Figure 4 (postoperative MRI T2 sagital view)
Discussion:
The first description of Harlequin syndrome was in 1988 by Lance at
al.1They described five cases of adult patients with
unilateral flushing and sweating with contralateral anhidrosis. In years
that followed (1993) this phenomenon was described as a dysfunction of
the pregangliotic and postganglioticcervical sympathetic nerve fibers
and parasympathetic neurons of ciliary ganglion5.

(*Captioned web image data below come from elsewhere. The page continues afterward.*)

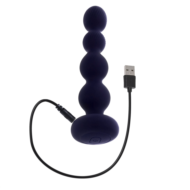 Фиолетовые анальные бусы с вибрацией и вращением Pleasure Orbit - 17,8 см. - 3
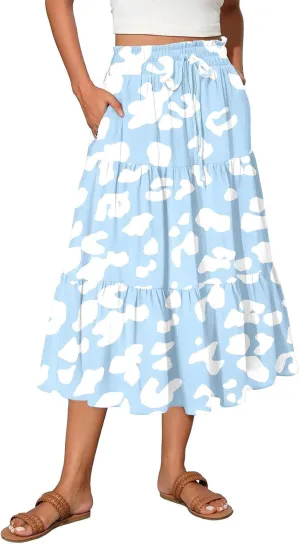 Midi Skirts for Women Casual Pleated A Line Summer Cute Skirts Smocked Floral Boho Flowy Long Skirt with Pockets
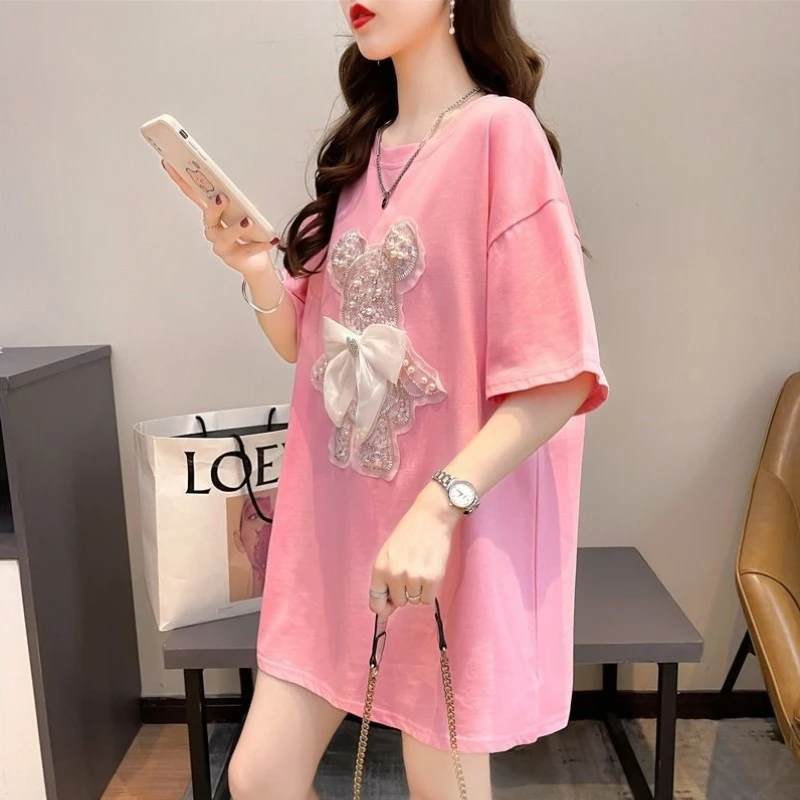 

Hot Selling European Inspired Beaded Short Sleeve T Shirt Women 2026 Summer Loose Fit Mid Length Casual Top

The anatomy of sympathetic fibers innervating the face are made of a
three- neuron chain pathway: first neurons originate in hypothalamus and
synapse in the intermediolateral cell column of the upper thoracic
spinal cord with preganglionic fibers (second neurons) - somewhere
between Th1 – Th3 9. Preganglionic fibers leave the
spinal cord at Th2 -Th3, synapsing with the postganglionic fibers (third
neurons) in superior cervical ganglion. Then, postganglionic fibers
leave cervical ganglion passing either along internal carotid artery to
supply forehead, nose and eye, or along external carotid artery to
supply the rest of the face. Preganglionic oculosympathetic neurons
originate at the level of Th1.
In our case the lesion is at the level of inferior cervical ganglion
(stellate ganglion) given the symptoms – unilateral facial flushing and
upper extremity and trunk, without Horner’s syndrome. Harlequin sign in
our case presented probably due to resection of sympathetic nerves while
removing meningioma.
The PubMed database was searched online (PubMed, http:// pubmed.com). A
search query using Harlequin syndrome revealed 129 published cases of
which 23 was iatrogenic. (Table 1) Of 23 patients female sex was
predominant -15:8 ratio in which 8 were pediatric patients.

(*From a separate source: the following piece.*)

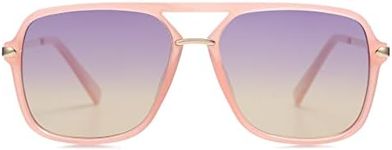 SOJOS Sunglasses for Women & Men, Square, Retro, Polarized Lens, Trendy Aviator, 90s Shades (SJ2229, Pink Blue)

Most of the patients had undergone a thoracic surgery (8 patients),
Intrathecal pump in 3 patients, total thyroidectomy and neck surgery (3
patients), five patients underwent spinal nerve block, and only two had
neurosurgical procedure.
Conclusion:
Harlequin syndrome as a condition often frightens the patients since it
happens after the operation, while they perform their usual activities.
In most cases (about 80%) it resolves by itself within few hours. The
patient fear and anxiety can be calmed by explaining the benign nature
of the condition. If the patient has long term sequelae and the symptoms
aren’t tolerable, a contralateral sympathectomy or stellate ganglion
block are options for symptom relief32,33.